What the task requires :: Without the pictures, set down every record below exactly as it reads.

Extracted data ::
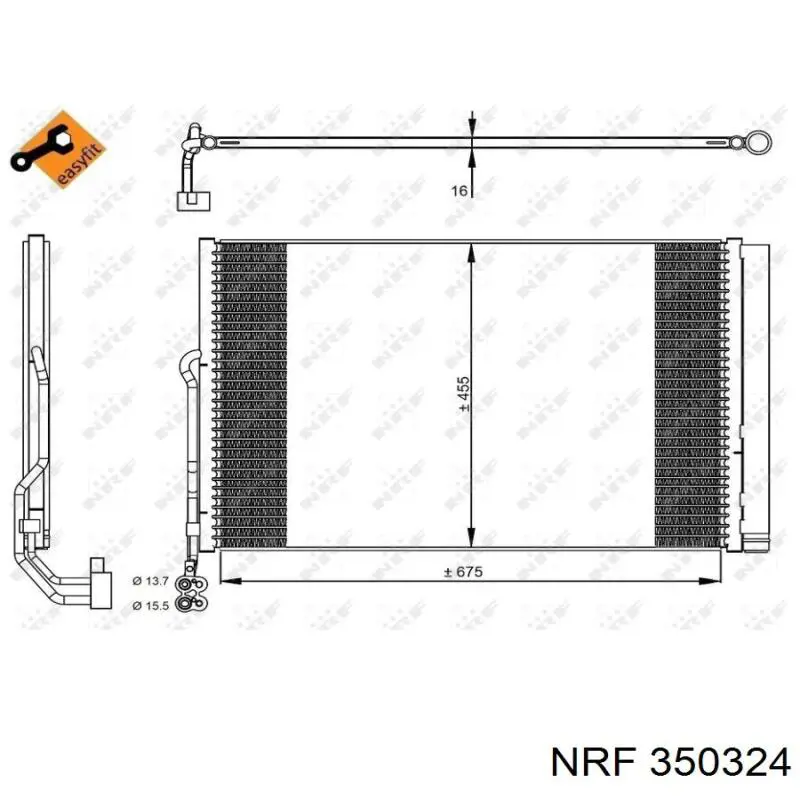 Radiador de aparelho de ar condicionado NRF 350324 preço, a partir de 144,97 USD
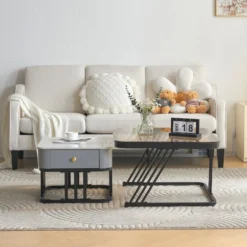 Lot De 2 Tables Gigognes Avec Un Tiroir - Recouverte De Verre Et De Marbre - Gris 13 Lot De 2 Tables Gigognes Avec Un Tiroir - Recouverte De Verre Et De Marbre - Gris -Pas Cher Mobiliora Magasin table basse 21860649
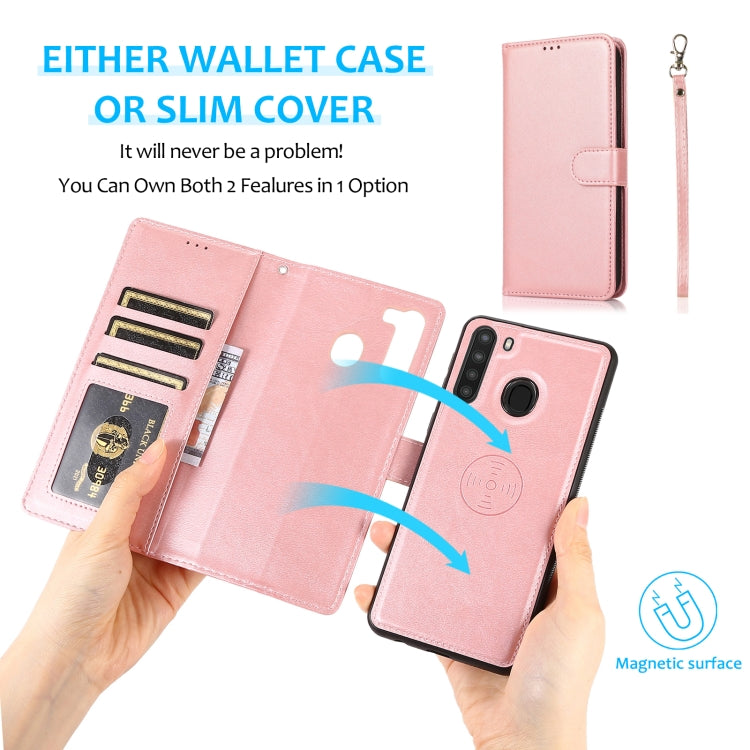 For Samsung Galaxy A21 Calf Texture 2 in 1 Detachable Magnetic Back Cover Horizontal Flip Leather Case with Holder & Card Slots & Wallet & Photo Frame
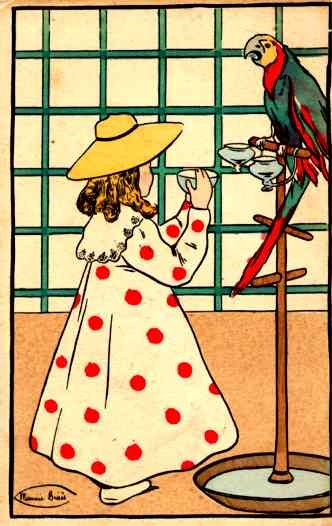Brais Girl Parrot Art Nouveau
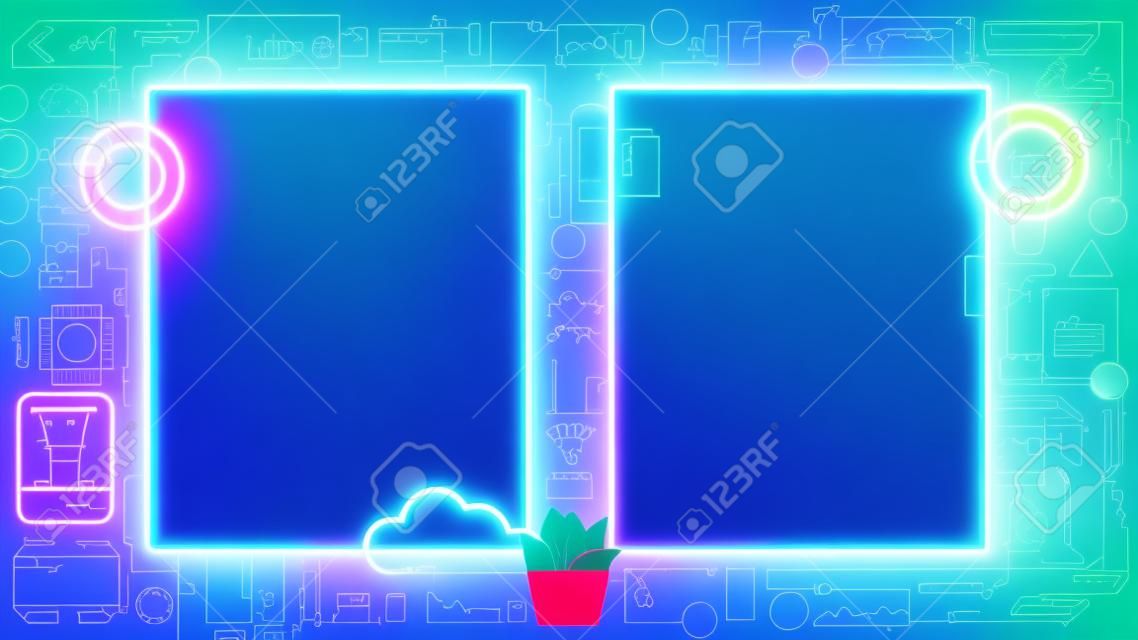 Cornici o bordi verticali al neon doppi mock up su sfondo blu in stile tecnologia informatica digitale per bambini. Presentazione di modelli per bambini che imparano le professioni STEM. corsi di formazione online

Answer area ::
 Radiador de aparelho de ar condicionado NRF 350324 preço, a partir de 144,97 USD
 Lot De 2 Tables Gigognes Avec Un Tiroir - Recouverte De Verre Et De Marbre - Gris 13 Lot De 2 Tables Gigognes Avec Un Tiroir - Recouverte De Verre Et De Marbre - Gris -Pas Cher Mobiliora Magasin table basse 21860649
 For Samsung Galaxy A21 Calf Texture 2 in 1 Detachable Magnetic Back Cover Horizontal Flip Leather Case with Holder & Card Slots & Wallet & Photo Frame
Brais Girl Parrot Art Nouveau
 Cornici o bordi verticali al neon doppi mock up su sfondo blu in stile tecnologia informatica digitale per bambini. Presentazione di modelli per bambini che imparano le professioni STEM. corsi di formazione online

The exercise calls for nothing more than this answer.